By: Omar Alghabra, Official Opposition Critic for Citizenship and Immigration

 

Immigration is one of the most important challenges and opportunities facing our country.  According to Statistics Canada, our labour and population growth will soon depend exclusively on new Canadians.  This is why the successful recruitment and integration of immigrants into our society is so critical and should be a priority for this government.

 

Unfortunately, the release of the Conservatives’ second budget last week proved once again that Mr. Harper’s government is more concerned with electioneering than with the future of Canada. 

 

The second Conservative budget, just like the first one, contains no vision for ensuring the successful integration of immigrants and places no emphasis on the needs of new Canadians.  It offers nothing that would provide relief for new Canadian families dealing with the growing backlog in immigration applications, including family reunification, slow citizenship processing times and long wait times for refugee claimants to obtain scheduled hearings.

 

Recognizing this as a priority, the previous Liberal government announced a five-year $700-million plan to reduce the processing backlog and to create the In-Canada Economic Stream that would allow applicants with experience in Canada’s labour market or educational institutions to stay in Canada.  Instead of developing this plan, the Conservatives simply re-announced the initiative under a new name and cut the funding to a mere $34 million over two years, with no funding allocated to reduce  the backlog.

 

In terms of foreign credentials, this Conservative government has simply broken yet another election promise.  In their last campaign and in their 2006 budget, the Conservatives promised to create an agency to assess and recognize credentials at the federal level.  The Conservatives made a clear, unambiguous promise that would fix this quandary. Instead, the 2007 budget states that a new foreign-credential office will only "provide immigrants with pathfinding and referral services to identify and connect with the appropriate assessment bodies."  Doesn’t this government realize that simply telling prospective immigrants about the challenges they may face with credentials before they come is not enough?  Canadians don’t want another office that is going to point the finger at another office.
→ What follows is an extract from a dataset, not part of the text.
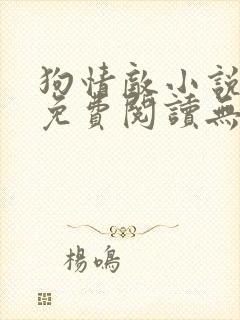 狗情敌小说全文免费阅读无弹窗笔趣36章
They want solutions to obstacles they can’t control.

 

Mr. Harper’s government must understand that the provincial government and regulatory agencies depend on resources to help them implement the programs necessary to integrate the credentials and training of new Canadians. 

 

The Conservatives' approach to the immigration file reveals that at best, they have no plan or vision to deal with immigration issues and at worst, they do not care about voters who consider this file to be crucial for the future success of Canada.

 

While the Conservatives’ actions to date are disheartening and disappointing, they shouldn’t come as a surprise.  After all, it was Stephen Harper who said “You have to remember that west of Winnipeg the ridings the Liberals hold are dominated by people who are either recent Asian immigrants or recent migrants from Eastern Canada; people who live in ghettos and are not integrated into Western Canadian society.”  Mr. Harper’s attempts to re-invent himself and his party have been a dismal failure. His past will always haunt him and his actions speak much louder than his rhetoric.